Health officials in New York City have turned to Yelp to help them track down restaurants with dodgy hygiene practices, with reviews on the site pointing them to possible incidents of food poisoning.
The online city guide has long been popular with restaurant fans keen to share their thoughts and opinions on their various dining experiences, with any unfortunate post-meal regurgitations inevitably getting a mention in reviews – occasionally with more details than strictly necessary.
As many diners fail to report food poisoning incidents to the authorities, Yelp has turned out to be a particularly rich source of data for the city’s Department of Health and Mental Hygiene, which this week revealed it’s been running an ongoing pilot project involving the analysis of nearly 300,000 Yelp restaurant reviews in the New York City area.
The department worked with Columbia University to create software used to analyze 294,000 restaurant reviews across a nine-month period. Besides tracking down the kinds of words you really don’t want to have to associate with food-related establishments (“sick”, “vomit” and “diarrhea” are given as examples by the health department), the software also pulls together reviews where two or more reports of illness are mentioned within a 12- to 36-hour time period at the same premises, providing health officials with enough data to further investigate possible outbreaks of food poisoning.
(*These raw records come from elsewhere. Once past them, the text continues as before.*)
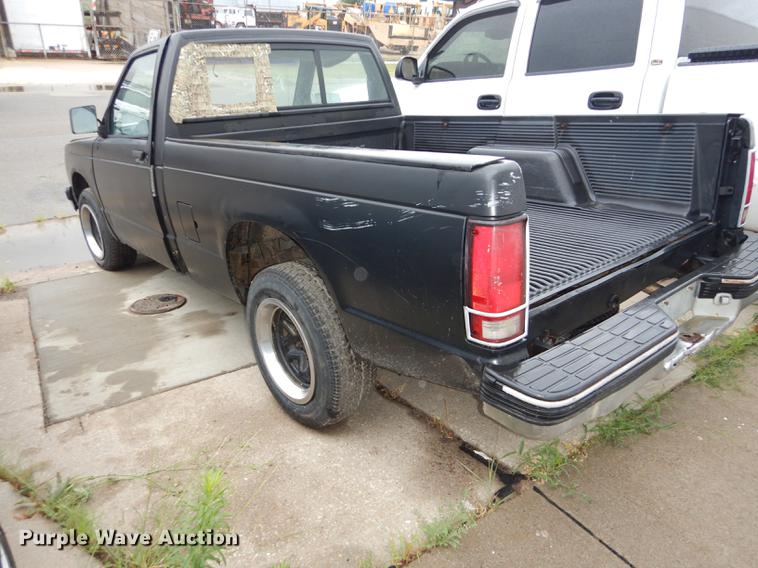image for item DE1769 1991 Chevrolet S10 pickup truck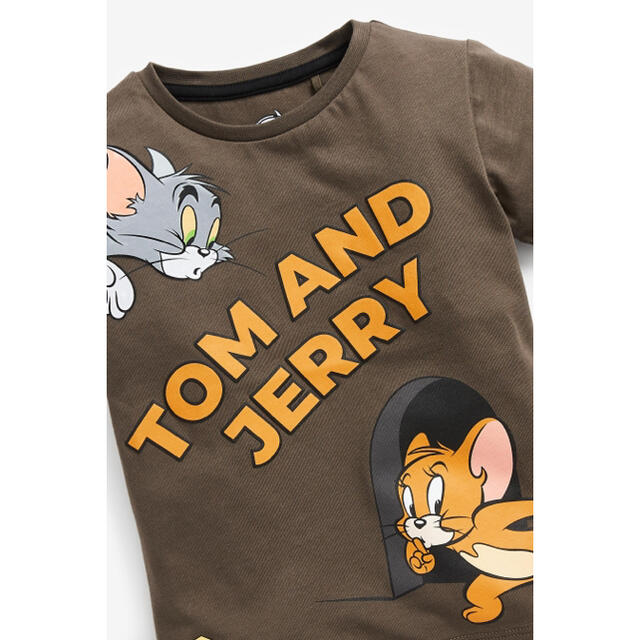 NEXT(ネクスト)の【新品】ブラウン Tom & Jerry Tシャツ（ボーイズ） キッズ/ベビー/マタニティのベビー服(~85cm)(Ｔシャツ)の商品写真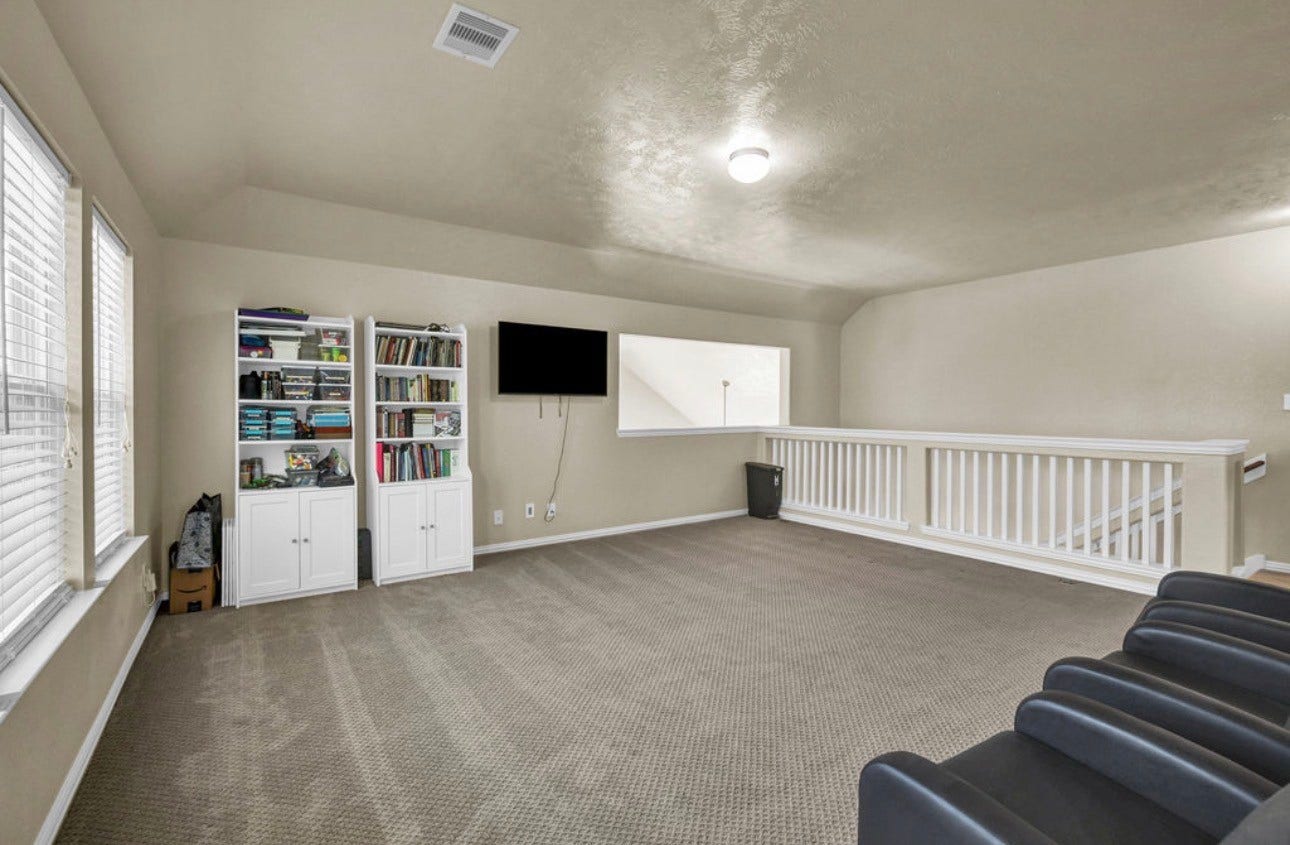 203 Canvasback Drive, Clute, TX 77531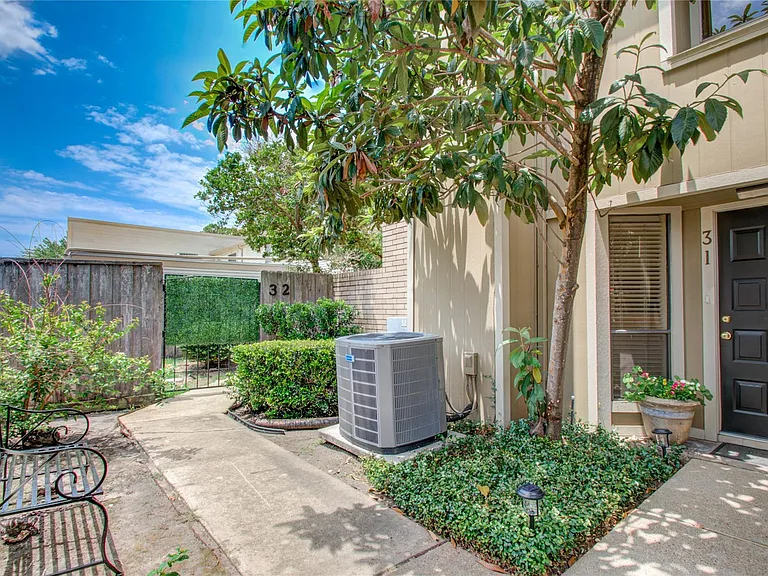 1920 Augusta Dr #31 — Photo 2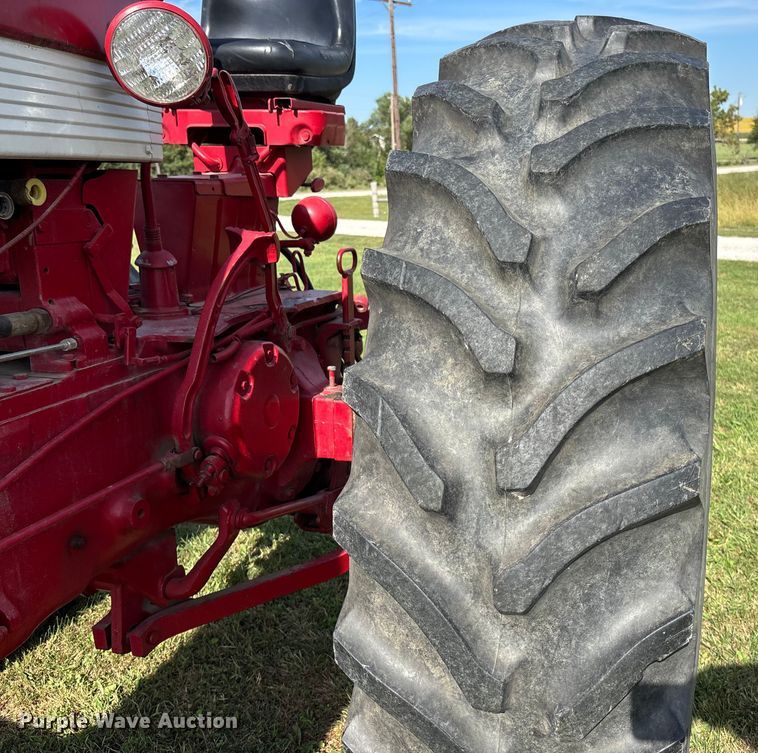 image for item ET4595 McCormick Farmall 560 tractor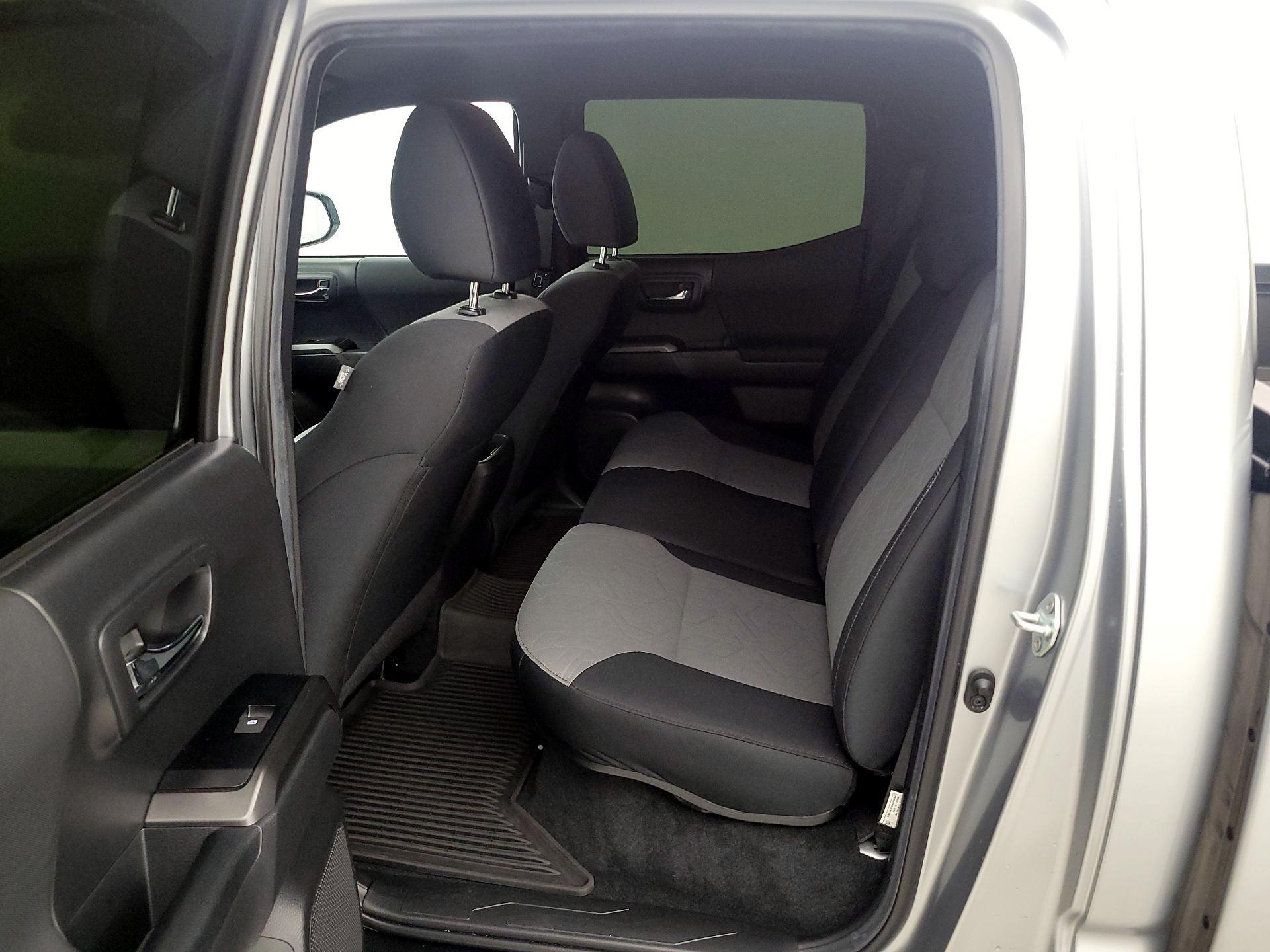 Thumbnail: 2022 Toyota Tacoma - 19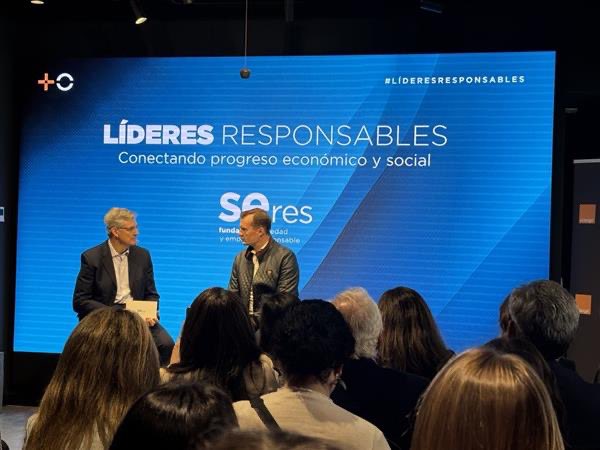 🗣️"En <a href="/MASORANGE_ES/">MasOrange</a>, fomentamos el empleo y la conectividad a través de diferentes programas de formación en competencias digitales, a través del espacio #OrangeDigitalCenter”, nos cuenta <a href="/Maini01/">Meinrad Spenger</a>, CEO de #MasOrange 

#LideresResponsables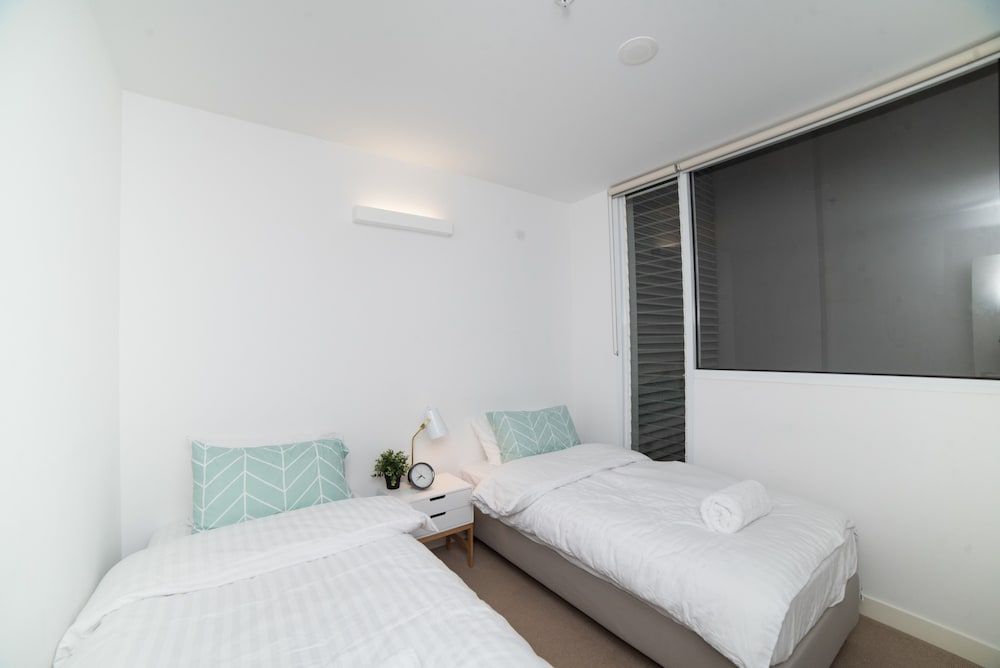 undefined Frangipanistays at 589E 6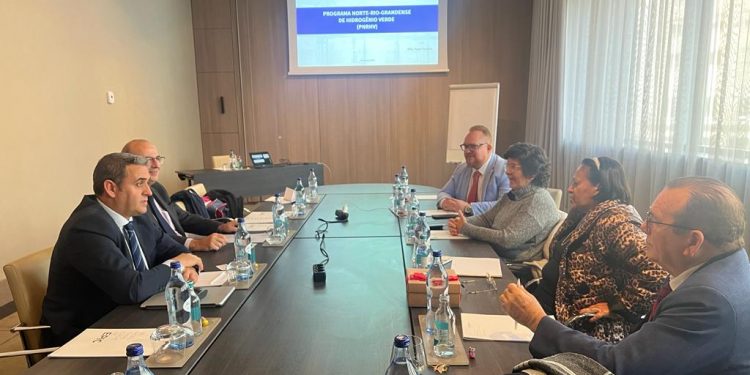 Fátima Bezerra assina memorando em Portugal para implantação da indústria verde no RN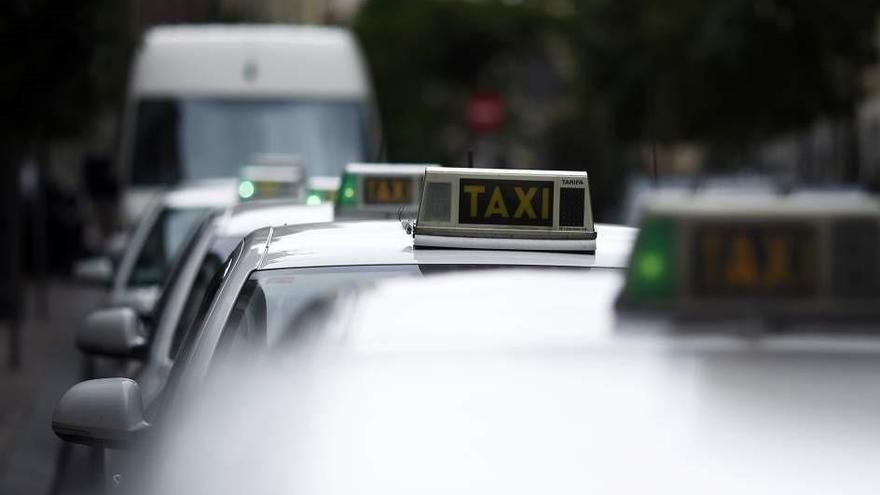 Taxis, en la protesta que se celebró en 2017 en la ciudad de Málaga.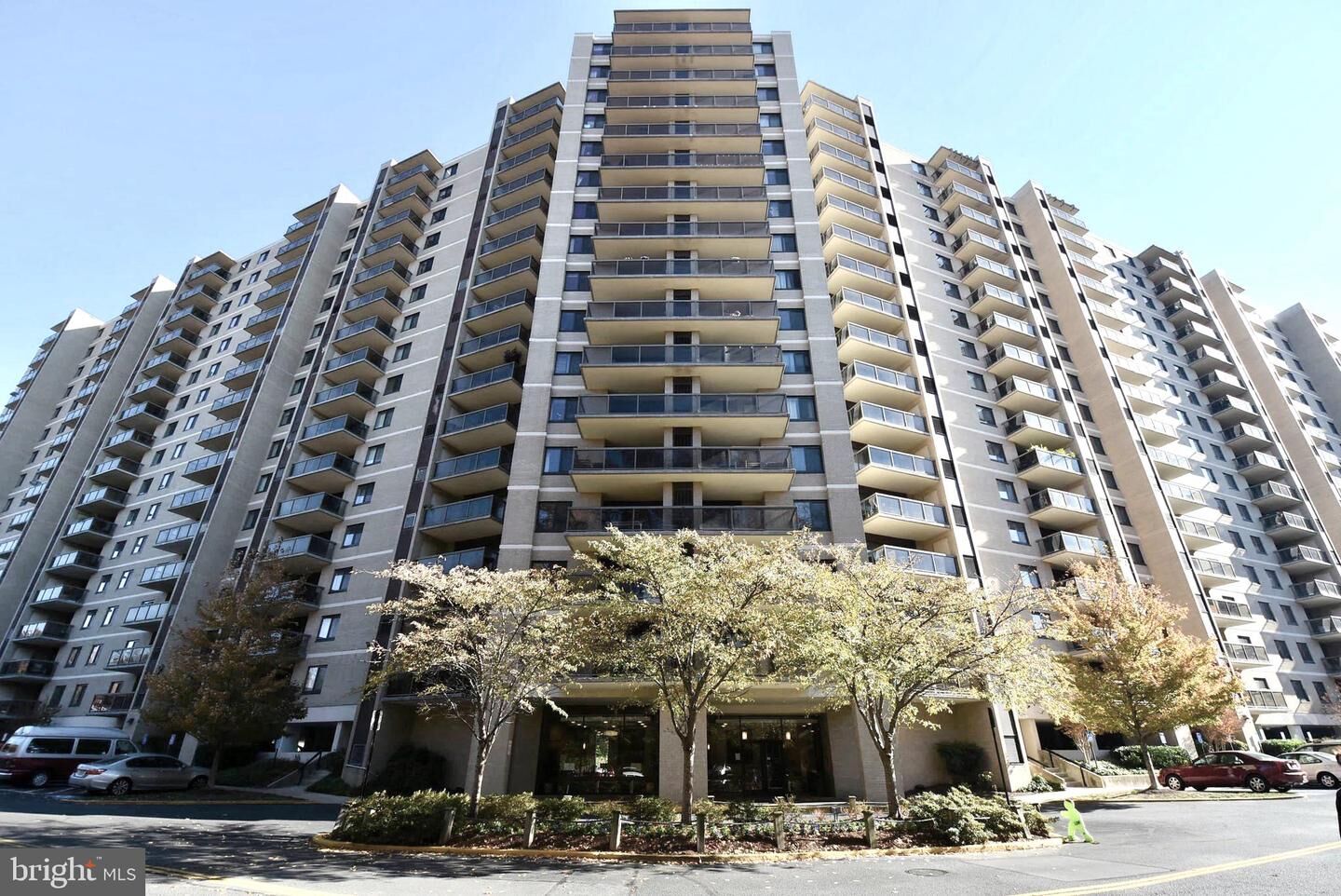 Property Photo: 307 Yoakum Parkway 703 VA 22304
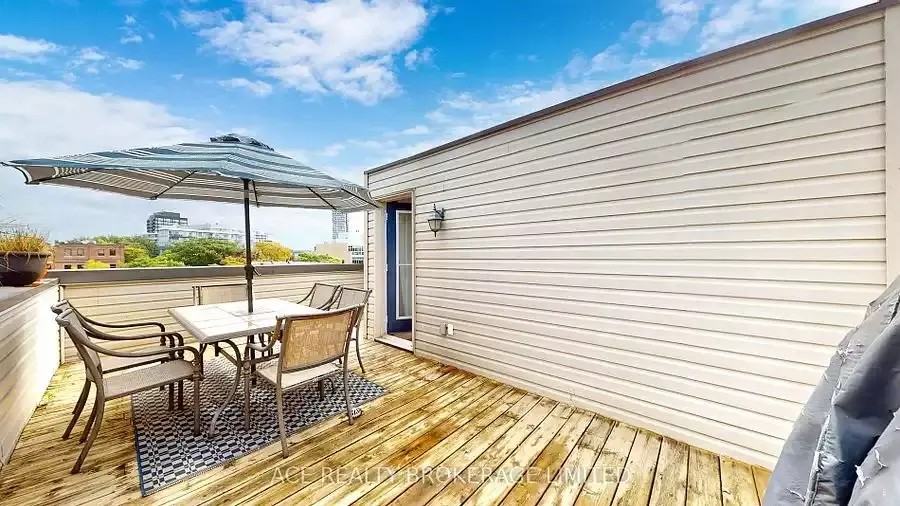 447 Queen St E - Photo 3 of 15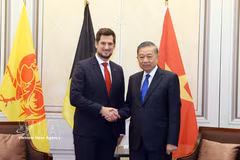 Le secrétaire général du Parti et président vietnamien, To Lam (droite), a rencontré le 23 octobre, à Bruxelles, le ministre-président de la Wallonie, Adrien Dolimont. Photo : VNA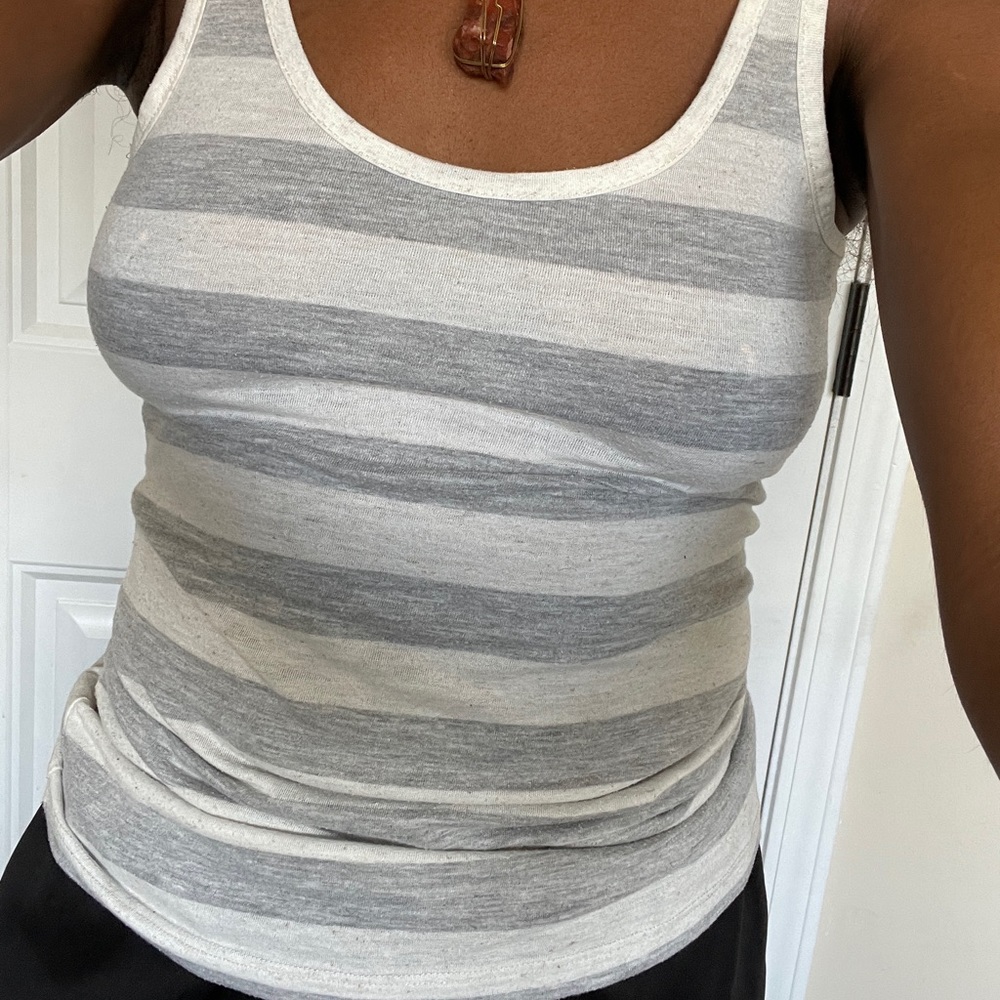 Grey striped tank-top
Yelp, which last year started adding hygiene scores to restaurant listings, has been particularly useful for the authorities as it enables them to contact affected diners for interviews to help build a case against an eatery that may be flouting public health laws.
The study has so far led to the discovery of three food poisoning outbreaks involving 16 people, the health department said, adding that none had been previously reported.
Following visits to the restaurants where the incidents had occurred, the authorities found one of the establishments to be playing host to a lot more than just diners, with a search of the premises turning up live roaches and evidence of “mouse activity” – a description which may lead many food fans to skip the ‘chocolate surprise’ dessert on their next restaurant visit.